Il sacrificio di riparazione del Messia sofferente ha dato i suoi frutti e i discepoli sono diventati la sua discendenza. L'identità martiriale della comunità cristiana non può però essere concentrata solo ai momenti straordinari in cui è chiesto il dono della vita. Deve tradursi nella quotidianità, e la comunità messianica può trovare la sua nota identitaria dominante, perciò, solo nel servizio.
Forse, tra i cristiani comincia a farsi strada un po' più di pudore, e in pochi pronunciano la magica frase del "potere come servizio". Le parole di Gesù vanno in tutt'altra direzione perché egli identifica con il servizio il dono della vita, certo non il potere.

«Tra voi, però... »: in questa presa di distanza dal mondo va riconosciuta la più limpida attestazione della specificità cristiana. Soprattutto dopo la fine del partito unico dei cattolici, la questione dell'identità torna ogni momento alla ribalta. In una cultura che si regge sulle "identità fluide", la Chiesa, e non solo in Italia, ha scelto di puntare su due criteri identitari: la riproposizione del deposito dottrinale e la difesa di alcuni valori non negoziabili.
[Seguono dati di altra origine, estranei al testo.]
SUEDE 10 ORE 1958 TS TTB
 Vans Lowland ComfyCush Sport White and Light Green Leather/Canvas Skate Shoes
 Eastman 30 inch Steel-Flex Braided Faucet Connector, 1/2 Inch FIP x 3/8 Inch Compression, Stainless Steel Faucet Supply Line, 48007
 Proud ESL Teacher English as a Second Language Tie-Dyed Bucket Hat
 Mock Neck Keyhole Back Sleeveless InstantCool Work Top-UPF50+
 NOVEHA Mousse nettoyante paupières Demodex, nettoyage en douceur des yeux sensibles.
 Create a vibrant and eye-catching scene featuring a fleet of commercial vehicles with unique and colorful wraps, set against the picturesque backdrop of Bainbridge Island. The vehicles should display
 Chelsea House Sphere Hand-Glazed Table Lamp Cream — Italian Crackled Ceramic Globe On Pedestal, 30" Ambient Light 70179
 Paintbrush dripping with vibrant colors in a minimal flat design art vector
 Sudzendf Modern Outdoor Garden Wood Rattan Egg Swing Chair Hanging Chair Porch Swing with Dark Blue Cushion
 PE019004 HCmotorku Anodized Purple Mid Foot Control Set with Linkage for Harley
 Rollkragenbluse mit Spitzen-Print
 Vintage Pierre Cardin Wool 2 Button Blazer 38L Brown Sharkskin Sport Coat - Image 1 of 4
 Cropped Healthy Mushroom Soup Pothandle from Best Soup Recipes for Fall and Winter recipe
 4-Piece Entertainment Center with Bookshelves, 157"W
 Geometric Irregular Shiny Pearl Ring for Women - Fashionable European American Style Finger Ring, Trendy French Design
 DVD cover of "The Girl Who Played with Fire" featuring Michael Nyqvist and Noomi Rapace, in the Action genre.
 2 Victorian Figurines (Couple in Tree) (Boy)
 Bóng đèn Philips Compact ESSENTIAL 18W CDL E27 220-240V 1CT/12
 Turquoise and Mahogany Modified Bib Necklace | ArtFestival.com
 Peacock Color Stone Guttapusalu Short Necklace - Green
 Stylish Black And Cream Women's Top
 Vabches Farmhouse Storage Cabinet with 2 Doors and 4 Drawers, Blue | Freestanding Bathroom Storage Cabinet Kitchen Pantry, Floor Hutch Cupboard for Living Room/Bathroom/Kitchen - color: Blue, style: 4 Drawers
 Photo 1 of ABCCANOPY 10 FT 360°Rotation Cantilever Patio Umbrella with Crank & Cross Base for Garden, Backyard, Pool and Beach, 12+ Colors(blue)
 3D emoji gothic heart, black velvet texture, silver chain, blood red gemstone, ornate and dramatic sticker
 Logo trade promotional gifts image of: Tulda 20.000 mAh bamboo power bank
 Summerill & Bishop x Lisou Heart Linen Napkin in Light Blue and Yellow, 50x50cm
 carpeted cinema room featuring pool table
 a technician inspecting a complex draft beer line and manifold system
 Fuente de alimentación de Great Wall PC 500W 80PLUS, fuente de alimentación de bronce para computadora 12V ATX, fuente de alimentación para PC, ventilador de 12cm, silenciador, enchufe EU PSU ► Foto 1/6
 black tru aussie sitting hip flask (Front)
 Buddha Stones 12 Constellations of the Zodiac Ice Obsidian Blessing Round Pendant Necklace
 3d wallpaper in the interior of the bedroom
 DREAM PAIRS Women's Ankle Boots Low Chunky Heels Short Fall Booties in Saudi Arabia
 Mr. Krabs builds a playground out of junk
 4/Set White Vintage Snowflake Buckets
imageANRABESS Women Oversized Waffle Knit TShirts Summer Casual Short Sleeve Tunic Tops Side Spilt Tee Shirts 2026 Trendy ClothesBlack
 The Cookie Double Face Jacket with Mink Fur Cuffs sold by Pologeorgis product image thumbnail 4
Si tratta di una scelta che, in qualche modo, vuole rende ragione di quel "però" che deve segnare la distanza tra Chiesa e mondo. Non basta, però.
Gli storici ci dicono che la famosa "svolta costantiniana" ha avviato il processo di mondanizzazione della Chiesa e il fatto che anche gruppi cristiani nati recentemente corteggino denaro e potere fa pensare che, da allora, il cammino sia irreversibile. Il fine giustifica i mezzi? Per Gesù è stato certamente così. Il fine del regno di Dio, però, poteva giustificare, come unico mezzo, servire e non farsi servire. Forse dovremmo domandarci se la spinta che ha consentito al Vangelo di diffondersi e di resistere alla prova dei secoli è venuta dal potere e dal denaro o dal dono della vita di milioni di uomini e donne che hanno fatto del servizio il loro modo di vivere nel mondo.